Rolling Stone magazine founder Jann Wenner was condemned by his own outlet in a statement made by the publication on Monday.
In an interview with the New York Times released on Friday, Wenner discussed his new book “The Masters” which features interviews with seven iconic musicians. When pressed about why he only included conversations with White men, he suggested that Black or female musicians didn’t “articulate” enough for his personal interest.
“When I was referring to the zeitgeist, I was referring to Black performers, not to the female performers, OK? Just to get that accurate. The selection was not a deliberate selection. It was kind of intuitive over the years; it just fell together that way. The people had to meet a couple criteria, but it was just kind of my personal interest and love of them. Insofar as the women, just none of them were as articulate enough on this intellectual level,” Wenner said.
After the comments went viral over the weekend, Rolling Stone made a comment distancing itself from Wenner.
“Jann Wenner’s recent statements to the New York Times do not represent the values and practices of today’s Rolling Stone,” the magazine wrote in a statement.
“Jann Wenner has not been directly involved in our operations since 2019,” the statement continued. “Our purpose, especially since his departure, has been to tell stories that reflect the diversity of voices and experiences that shape our world. At Rolling Stone’s core is the understanding that music above all can bring us together, not divide us.”

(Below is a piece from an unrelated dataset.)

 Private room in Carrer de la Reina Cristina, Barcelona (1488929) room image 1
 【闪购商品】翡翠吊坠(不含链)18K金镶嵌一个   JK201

The magazine’s statement followed the Rock & Roll Hall of Fame announcing that it would remove Wenner from the board on Saturday.

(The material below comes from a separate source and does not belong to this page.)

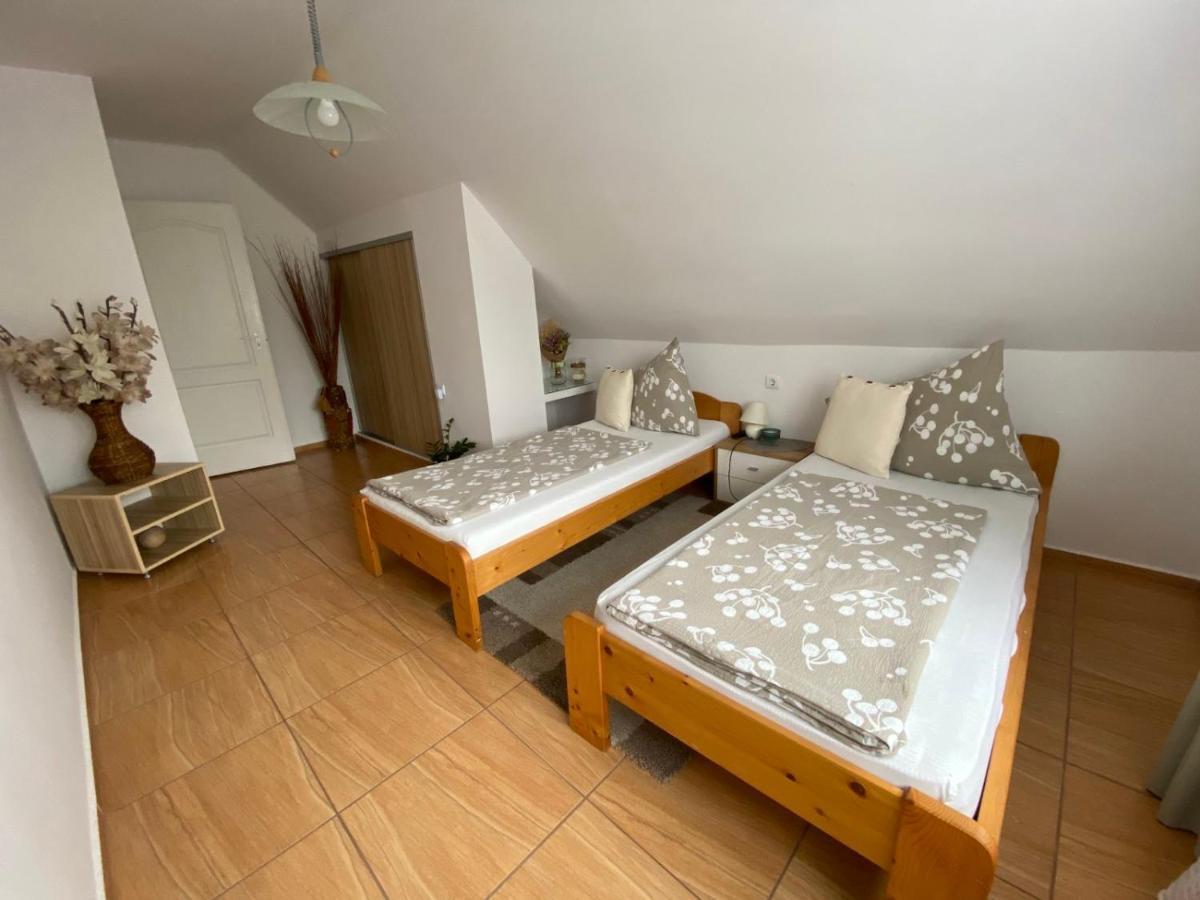 Munkacsy Apartmanok 鲍洛通费尼韦什 外观 照片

“Jann Wenner has been removed from the Board of Directors of the Rock & Roll Hall of Fame Foundation,” the announcement read.
While the announcement did not reference Wenner’s remarks, Wenner apologized for his comments a few hours later.
“In my interview with The New York Times, I made comments that diminished the contributions, genius, and impact of Black and women artists and I apologize wholeheartedly for those remarks,” he said in a statement given to The Hollywood Reporter.
“’The Masters’ is a collection of interviews I’ve done over the years that seemed to me to best represent an idea of rock ‘n’ roll’s impact on my world; they were not meant to represent the whole of music, and it’s diverse and important originators but to reflect the high points of my career and interviews I felt illustrated the breadth and experience in that career,” he added. “They don’t reflect my appreciation and admiration for myriad totemic, world-changing artists whose music and ideas I revere and will celebrate and promote as long as I live. I totally understand the inflammatory nature of badly chosen words and deeply apologize and accept the consequences.”